É assim que eu digo? (Parte 1)

Mahesh Patel/Pixabay

É assim que eu digo? (Parte 1)

  • João Galvão Neto

Olavo Bilac, no soneto “Língua Portuguesa”, começa dizendo “Última flor do Lácio, inculta e bela”, se referindo ao idioma Português como a última língua derivada do Latim Vulgar falado no Lácio, uma região italiana. Inculta por ser baseada no latim falado pelo povo e não derivada do latim erudito, mas bela pelos motivos que todos nós seus falantes conhecemos. Língua bela em prosa, poesia e, principalmente, cantada.

Quando a ouvimos em poesia com aspectos regionais, com formas diferentes das eruditas aprendidas nas escolas, sua beleza se ressalta na forma pura da expressão do cidadão que a usa como comunicação do que vai no seu coração ou como ele vê sua sociedade, como, por exemplo, Patativa do Assaré [Antônio Gonçalves da Silva (1909-2002)], poeta e repentista brasileiro, um dos principais representantes da arte popular nordestina do século XX, nascido no município de Assaré, no sul do Ceará. Patativa não precisou das regras da gramática para ser grande.

A liberdade poética e artística usualmente não se estende aos meios de comunicação ou a quem necessita expor ideias de forma clara e precisa. A esses se faz necessária a palavra certa, bem escrita e bem falada, para evitar que se confunda a mensagem. Não é puritanismo linguístico, ainda que pareça ser. Hoje em dia, aqueles que usam a palavra certa, em escrita ou fala, é muitas vezes olhado com estranhamento por aqueles que nunca ouviram a forma correta. Arreglo soa estranho para quem está acostumado a falar arrego, estrambótico, também, para quem espera ouvir estrambólico. Às vezes, alguns repetem a forma errada para evitar uma situação constrangedora ou conflituosa em uma conversa entre amigos. A comunicação está ocorrendo, não se faz necessário interrompê-la. Vejamos algumas situações:

Silabadas ou Erros de Prosódia

A prosódia consiste na mudança do acento tônico da palavra, gerando um estranhamento ou até mesmo uma incompreensão da palavra que se falou. Se não sabemos qual é a sílaba forte da palavra, é comum com palavras que não levam acento gráfico, podemos cometer uma silabada. Há quem fale rúbrica em vez de rubrica, como deveria ser, ou púdico em vez de pudico. Vejam o exemplo seguinte com sugestão de pronúncia em parênteses. Sintam se a pronúncia sugerida soa natural:

Com o intuito (intu – ito) de que não haja nenhum curto-circuito (circu – ito) na comunicação, informamos que o evento muito (mu – ito) esperado será gratuito (gratu – ito). Logo, cheguem cedo para evitar algum problema fortuito (fortu – ito).
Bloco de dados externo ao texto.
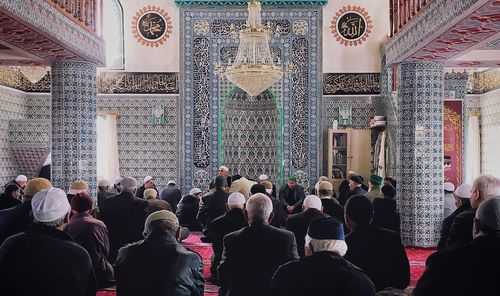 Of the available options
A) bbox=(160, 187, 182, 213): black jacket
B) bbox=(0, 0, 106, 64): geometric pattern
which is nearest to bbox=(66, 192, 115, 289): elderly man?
bbox=(0, 0, 106, 64): geometric pattern

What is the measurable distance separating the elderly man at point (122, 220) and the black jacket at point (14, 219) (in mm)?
1110

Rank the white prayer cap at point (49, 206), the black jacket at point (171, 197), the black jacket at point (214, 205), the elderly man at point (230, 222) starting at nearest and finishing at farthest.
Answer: the white prayer cap at point (49, 206) < the elderly man at point (230, 222) < the black jacket at point (214, 205) < the black jacket at point (171, 197)

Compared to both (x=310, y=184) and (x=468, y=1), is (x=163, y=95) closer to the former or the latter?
(x=310, y=184)

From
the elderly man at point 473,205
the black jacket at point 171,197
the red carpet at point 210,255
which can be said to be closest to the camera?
the elderly man at point 473,205

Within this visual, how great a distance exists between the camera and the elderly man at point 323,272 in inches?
88.9

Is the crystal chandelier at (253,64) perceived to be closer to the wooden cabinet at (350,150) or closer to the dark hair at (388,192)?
the wooden cabinet at (350,150)

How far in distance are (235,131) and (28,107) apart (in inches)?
141

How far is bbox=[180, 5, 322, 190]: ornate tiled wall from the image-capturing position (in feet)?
34.5

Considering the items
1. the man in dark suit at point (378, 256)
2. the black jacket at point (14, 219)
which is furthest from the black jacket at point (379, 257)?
the black jacket at point (14, 219)

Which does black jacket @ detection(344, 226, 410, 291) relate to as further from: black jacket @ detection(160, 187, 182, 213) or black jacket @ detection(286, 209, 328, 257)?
black jacket @ detection(160, 187, 182, 213)

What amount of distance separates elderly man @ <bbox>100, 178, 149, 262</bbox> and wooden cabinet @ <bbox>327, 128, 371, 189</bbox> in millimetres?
5463

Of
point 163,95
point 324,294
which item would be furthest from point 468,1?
point 163,95

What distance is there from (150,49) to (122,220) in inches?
229

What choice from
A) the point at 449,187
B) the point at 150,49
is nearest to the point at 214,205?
the point at 449,187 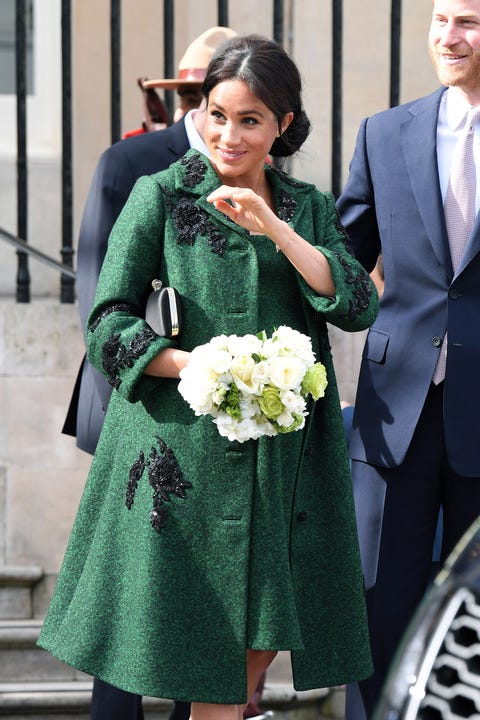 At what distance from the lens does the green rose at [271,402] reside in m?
3.24

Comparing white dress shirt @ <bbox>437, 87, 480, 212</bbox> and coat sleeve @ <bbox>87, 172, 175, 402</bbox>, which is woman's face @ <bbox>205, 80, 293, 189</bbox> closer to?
coat sleeve @ <bbox>87, 172, 175, 402</bbox>

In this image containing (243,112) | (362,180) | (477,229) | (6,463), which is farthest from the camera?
(6,463)

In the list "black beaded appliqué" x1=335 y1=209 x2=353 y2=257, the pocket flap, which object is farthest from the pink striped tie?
"black beaded appliqué" x1=335 y1=209 x2=353 y2=257

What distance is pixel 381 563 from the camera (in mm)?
4090

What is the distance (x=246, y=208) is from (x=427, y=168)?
78 cm

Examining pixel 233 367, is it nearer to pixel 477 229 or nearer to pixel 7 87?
pixel 477 229

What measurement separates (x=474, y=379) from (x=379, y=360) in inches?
10.6

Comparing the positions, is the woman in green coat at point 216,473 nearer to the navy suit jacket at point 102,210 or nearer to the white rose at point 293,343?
the white rose at point 293,343

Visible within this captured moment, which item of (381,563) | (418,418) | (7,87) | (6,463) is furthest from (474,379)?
(7,87)

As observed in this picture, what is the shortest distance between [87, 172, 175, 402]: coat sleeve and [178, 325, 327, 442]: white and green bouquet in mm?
161

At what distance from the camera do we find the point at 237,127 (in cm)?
345

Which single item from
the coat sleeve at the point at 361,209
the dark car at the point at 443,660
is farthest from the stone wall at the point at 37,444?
the dark car at the point at 443,660

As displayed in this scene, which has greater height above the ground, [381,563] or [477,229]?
[477,229]

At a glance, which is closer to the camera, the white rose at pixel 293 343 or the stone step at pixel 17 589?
the white rose at pixel 293 343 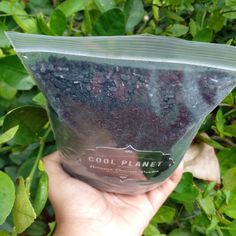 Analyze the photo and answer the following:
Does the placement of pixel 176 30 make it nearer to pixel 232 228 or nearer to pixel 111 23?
pixel 111 23

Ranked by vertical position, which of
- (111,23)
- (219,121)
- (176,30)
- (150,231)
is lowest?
(150,231)

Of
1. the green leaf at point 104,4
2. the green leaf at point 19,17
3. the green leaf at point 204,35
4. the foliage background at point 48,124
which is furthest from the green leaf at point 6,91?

Ora, se nós falamos intuito (intúito), circuito (circúito), muito (múito) e fortuito (fortúito), por que havemos de aceitar que algo grátis seja chamado de gratuito (gratu – ito)?

Nenhuma dessas palavras recebe qualquer tipo de acento, terminam da mesma forma e, logo devem manter o mesmo tipo de prosódia, evitando a silabada que ocorre em muitas falas que têm até lugar privilegiado nos meios de comunicação. Algumas canções populares têm repetido esse tipo de erro com tanta frequência que se torna difícil evitar o processo de fossilização do erro. Em algumas regiões a forma silabada de certas palavras virou a forma mais usada e dependendo da importância de quem difunde a pronúncia (às vezes, a escrita também) as outras regiões adotam sem discussão. Os dicionários grafam a palavra subsídio mostrando um “s” entre parênteses para indicar a pronúncia do “s” interno, mas a pronúncia “subzídio” tem se mostrado hegemônica mesmo na academia, talvez numa aceitação da variante paulista. Há outras palavras que são usadas em outras regiões com escrita diferente da dicionarizada, mas que nunca foram abandonadas por seu povo. Bugiganga é falada na Bahia e em outros estados do Nordeste como buginganga, com a nasalização do i ao receber um “n” no falar popular. O mesmo ocorre com a palavra braguilha, que é costumeiramente falada pelo povo como barguilha (ouçam Gilberto Gil em Ladeira da Preguiça), lagartixa, como largatixa etc. Ou ainda uma nasalização marcante no falar sudestino e sulista do “ai” em Jaime (Jãime) ou Roraima (Rorãima). Em Roraima e no nordeste brasileiro chamamos Roraima (Roima, com a aberto), acontecendo semelhantemente com Jaime (Jáime, a aberto). Entendo que daqui a alguns anos (muitos, espero) alguns falares regionais e erros já fossilizados poderão ser dicionarizados e passar à fala comum. As línguas são vivas, influenciáveis, sim, mas não mudam por decretos ou vontade de grupos culturais, sociais ou políticos.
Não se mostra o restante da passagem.